Reproduce the entire listing exactly. Leave the pictures out.

━━━ Provided data ━━━

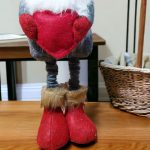 Teleszkópos lábú karácsonyi, skandináv manó szívvel, 36-50cm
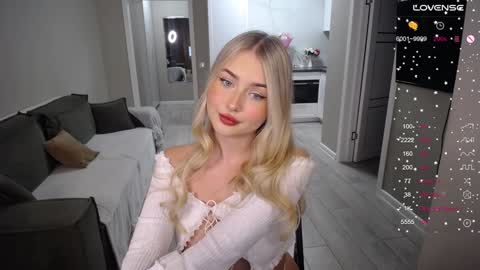 Snapshot of cute18cute chatting on 09-25-25, 12:31 Kira online show from 09-25-25, 12:31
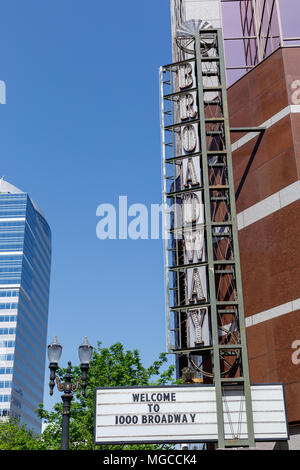 Broadway Zeichen in Portland Oregon Stockfoto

━━━

Exercise answer:
 Teleszkópos lábú karácsonyi, skandináv manó szívvel, 36-50cm
 Snapshot of cute18cute chatting on 09-25-25, 12:31 Kira online show from 09-25-25, 12:31
 Broadway Zeichen in Portland Oregon Stockfoto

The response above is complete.